First Look: EOS C100, The Latest Member of Canon’s Cinema EOS Family
An EOS C100 camera will be available for demonstration by Canon Professional market Specialists at this event
By PVC News Staff | October 11, 2012
Curious about the new Canon EOS C100? Get to know this camera better at this informative Canon Live Learning event and have a first look at the EOS C100, the latest addition to the Cinema EOS family.
The new EOS C100 brings true cinema quality to independent event videographers, documentary filmmakers and video production organizations. It is ideal for one-person operation with a built-in stereo microphone, One-Shot Auto Focus and Push Auto Iris. The EOS C100 sports the same Super 35mm Canon CMOS Sensor and Canon DIGIC DV III Image Processor as the EOS C300 and records at 24Mbps to SD cards using an AVCHD codec for easy integration into existing production workflows. Join us for an enlightening discussion of all the features, improvements, and benefits to selecting this camera.

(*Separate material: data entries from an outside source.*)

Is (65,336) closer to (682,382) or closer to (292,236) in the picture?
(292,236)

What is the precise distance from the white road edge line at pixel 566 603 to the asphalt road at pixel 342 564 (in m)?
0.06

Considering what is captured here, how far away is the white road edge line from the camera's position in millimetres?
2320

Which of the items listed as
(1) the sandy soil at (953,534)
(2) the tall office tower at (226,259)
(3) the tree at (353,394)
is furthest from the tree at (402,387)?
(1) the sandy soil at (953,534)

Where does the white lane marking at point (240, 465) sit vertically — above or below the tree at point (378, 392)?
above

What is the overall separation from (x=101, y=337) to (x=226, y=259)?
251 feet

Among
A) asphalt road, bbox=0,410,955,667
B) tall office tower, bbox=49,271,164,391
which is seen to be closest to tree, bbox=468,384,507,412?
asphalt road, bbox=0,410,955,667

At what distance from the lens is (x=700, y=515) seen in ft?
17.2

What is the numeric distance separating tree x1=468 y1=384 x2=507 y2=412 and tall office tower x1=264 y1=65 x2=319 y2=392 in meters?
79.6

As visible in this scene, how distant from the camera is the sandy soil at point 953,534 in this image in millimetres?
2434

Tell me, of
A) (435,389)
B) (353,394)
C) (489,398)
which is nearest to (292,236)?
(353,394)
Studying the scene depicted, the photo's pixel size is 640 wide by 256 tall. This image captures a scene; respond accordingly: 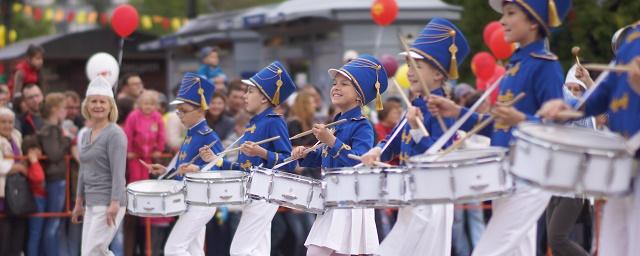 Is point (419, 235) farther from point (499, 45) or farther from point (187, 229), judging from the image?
point (499, 45)

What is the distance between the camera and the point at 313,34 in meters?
23.6

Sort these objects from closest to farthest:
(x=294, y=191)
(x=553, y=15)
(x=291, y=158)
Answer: (x=553, y=15)
(x=294, y=191)
(x=291, y=158)

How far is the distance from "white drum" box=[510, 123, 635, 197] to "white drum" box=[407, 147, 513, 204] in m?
0.45

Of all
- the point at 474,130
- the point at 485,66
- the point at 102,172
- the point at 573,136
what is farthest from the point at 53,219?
the point at 573,136

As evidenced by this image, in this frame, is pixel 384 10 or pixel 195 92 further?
pixel 384 10

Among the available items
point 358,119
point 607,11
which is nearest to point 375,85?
point 358,119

In this evening's main event, we will explain:
- New design features including One-Shot Auto Focus and Push Auto Iris
- Important menu items and camera functions
- Canon Log gamma and learn about the EOS C100's new gamma choice, Wide Dynamic Range
Pair the powerful and portable EOS C100 with the full range of Canon EF, EF-S and EF Cinema lenses, from fish-eye to macro to super telephoto, and make this expanded vista your new starting point on your cinematic adventure. An EOS C100 camera will be available for demonstration by Canon Professional market Specialists at this event.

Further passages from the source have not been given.